# Forever friends



## raggs (Aug 3, 2008)

I just had to share this pic i took on xmas day of Alfie and Taffy...i hope you like the pic......best wishes, Chris


----------



## Tracy Lou (Jun 15, 2011)

Such a sweet picture. Thanks for posting it. They look so happy and content. :thumbup1:


----------



## spid (Nov 4, 2008)

My he's grown - but still got some catching up to do! Absolutely gorgeous though; will he grow into those ears?


----------



## raggs (Aug 3, 2008)

spid said:


> My he's grown - but still got some catching up to do!

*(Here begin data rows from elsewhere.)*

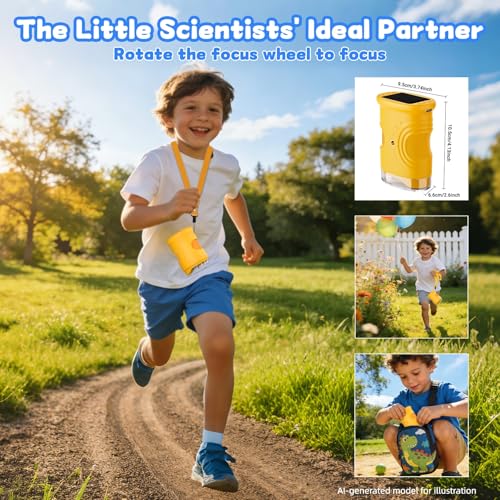 1000X Handheld Digital Microscope for Kids, STEM Educational Toy - color: Orange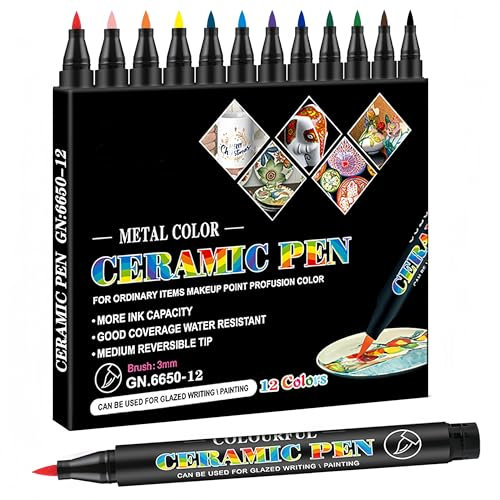 LMMINBZ Permanent Marke Ceramics Pens 12 Colors Porcelain Paint Brush Pen for Both Glazed and Unglazed Ceramics Christmas Decoration Wine Markers for Adults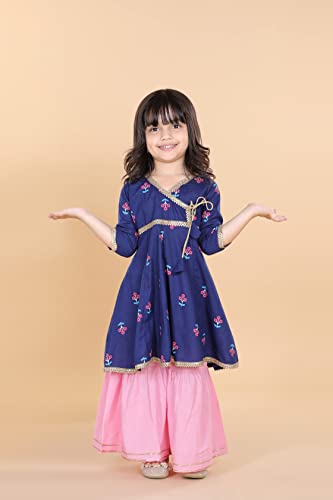 Adiva Kids Floral Printed Angrakha Kurta Sharara Set For Girls (G-1049-BLUE-18)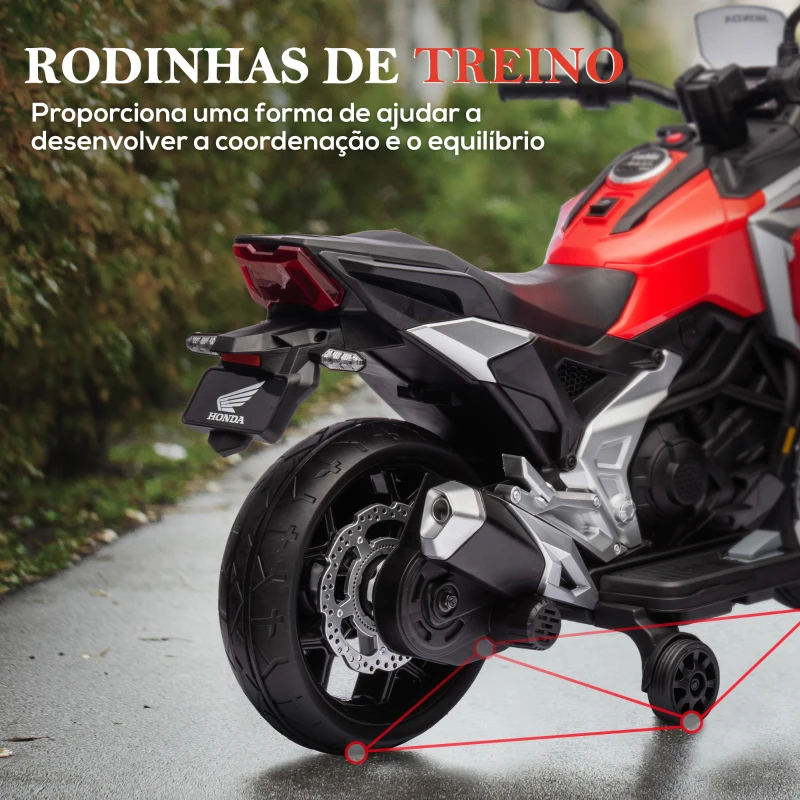 AIYAPLAY Moto Elétrica para Crianças de 3-6 Anos com Licença Honda com USB MP3 Luz LED e Velocidade 3 km/h Carga 30 kg Vermelho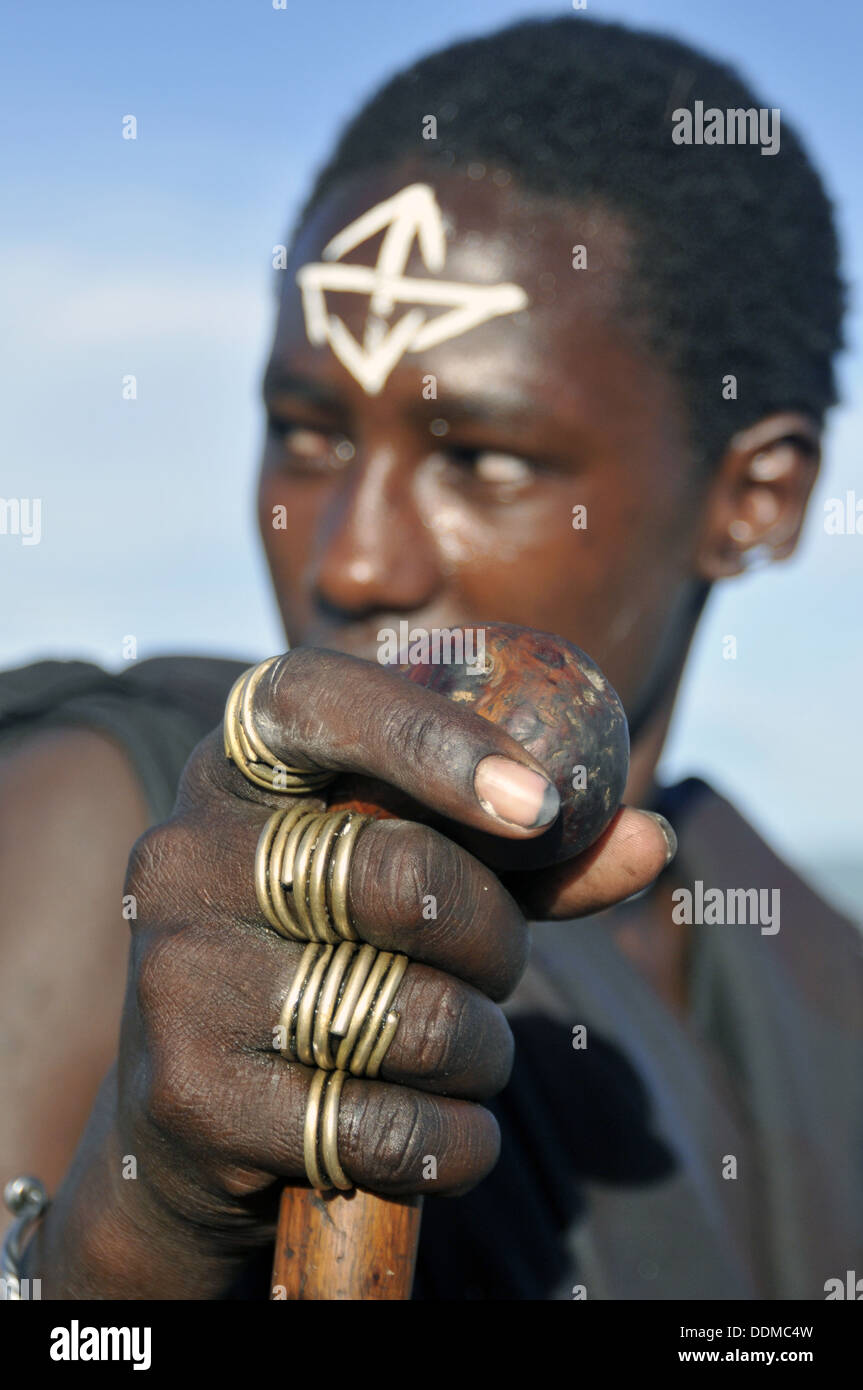 Traditional Masai tribal face painting and jewelry. Tanzania Collection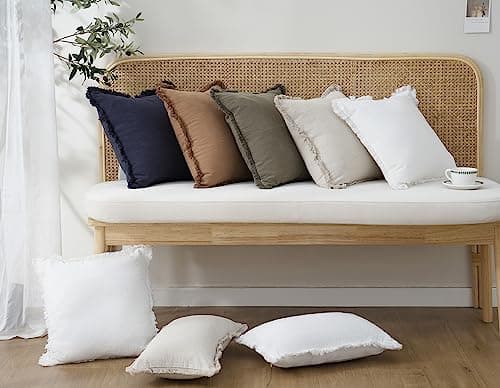 Foindtower 26 Natural Beige Boho Fringe Throw Pillow Cover for Sofa and Chair Decor
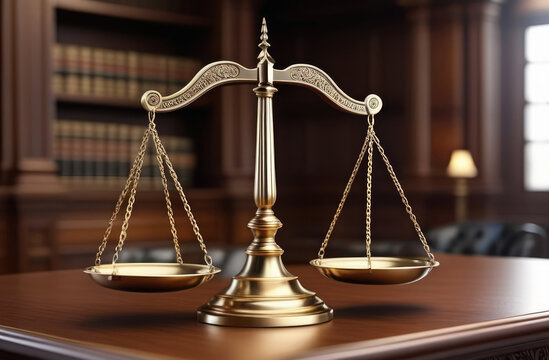  Law theme. Mallet of judge, books and scales of justice.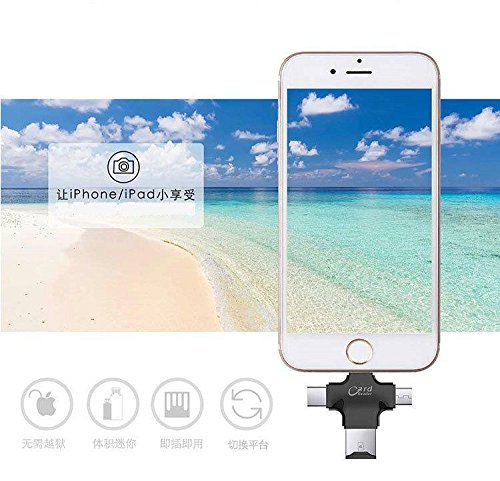 4 en 1 tipo C/Lightning/Micro USB/USB 2.0 lector de tarjetas de memoria Micro SD lector de tarjetas para iPad/iPhone Teléfono Android OTG lector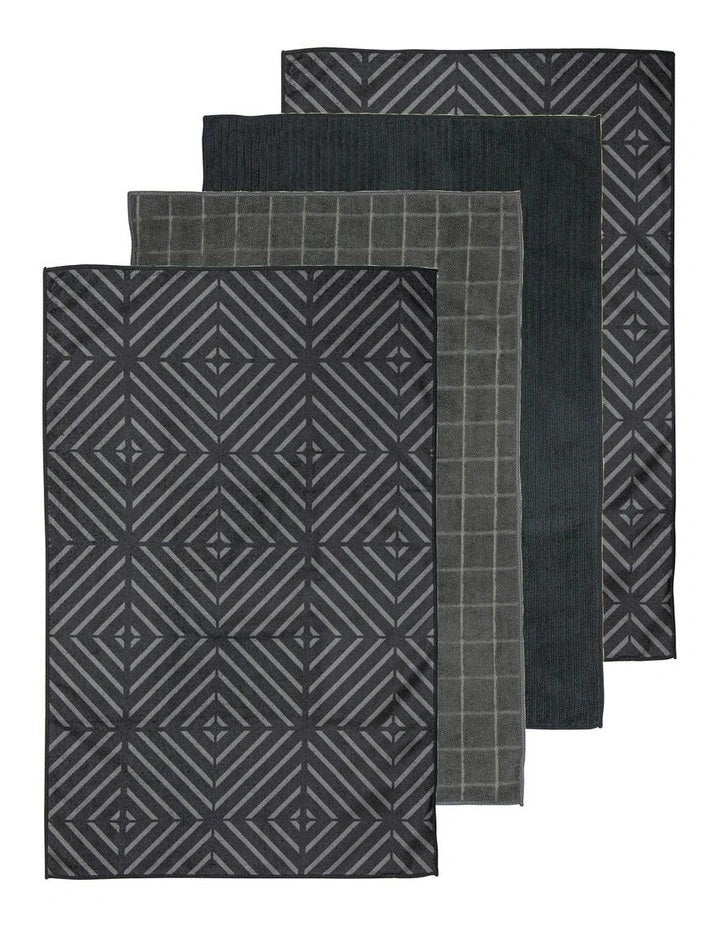 Ladelle Benton Charcoal Microfibre 4pk Kitchen Towel
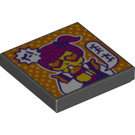 LEGO Schwarz Fliese 2 x 2 mit Minifigure mit Herz Glasses und Purple Haar mit Nut (3068 / 75455)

Absolutely gorgeous though; will he grow into those ears?


Oh im sure he will, hes got a long long way to go yet lol, i dont think he will be as big as the other monster though.......but its like a demolition derby when the two of them decide its play time here, and thats usually sometime around 3am..


----------



## raggs (Aug 3, 2008)

Heres one of my Grandson holding the Beast and in the second he looks like a hog ready for spit roasting lol..


----------



## Jenny1966 (Feb 7, 2011)

awww 'me and my brother'


gorgeous!!!


----------



## sarahecp (Aug 22, 2011)

Just gorgeous :001_tt1: :001_tt1:


----------



## harrys_mum (Aug 18, 2010)

wow, gorgeous pics.
he nearly takes up all the sofa, amazing.
michelle x


----------



## PetloverJo (Nov 4, 2011)

What lovely pics  Thank you for sharing.

Yes, the 'Beast' is huge


----------



## colliemerles (Nov 2, 2007)

_They are both beautiful, you must be very proud of them ,( even if they do sound like a hard of elephants at 3 in the morning . )_


----------



## jenny armour (Feb 28, 2010)

ahhh love the way these babies become best buddies. erhh chris you called ozzy alfie lol


----------



## lymorelynn (Oct 4, 2008)

raggs said:


> I just had to share this pic i took on xmas day of Alfie and Taffy...i hope you like the pic......best wishes, Chris


Lovely picture Chris ..... but so as you know, that's Ozzy and Taffy  We do need to see some pictures of Alfie now though - and Charlie and Meighan :thumbup1:


----------



## raggs (Aug 3, 2008)

lymorelynn said:


> Lovely picture Chris ..... but so as you know, that's Ozzy and Taffy  We do need to see some pictures of Alfie now though - and Charlie and Meighan :thumbup1:


I will take some nice new pics of all the Raggies and get them posted very soon............Chris


----------



## raggs (Aug 3, 2008)

jenny armour said:


> ahhh love the way these babies become best buddies. erhh chris you called ozzy alfie lol


Hi Jen, just a mistake im sorry, nothing to do with xmas alcohol honest lol.............Chris


----------



## jenny armour (Feb 28, 2010)

raggs said:


> hi jen, just a mistake im sorry, nothing to do with xmas alcohol honest lol.............chris


dont worry chris i'm always getting my cats mixed up


----------



## CKD1 (Dec 16, 2011)

:001_wub: what a sweet picture and beautiful cats


----------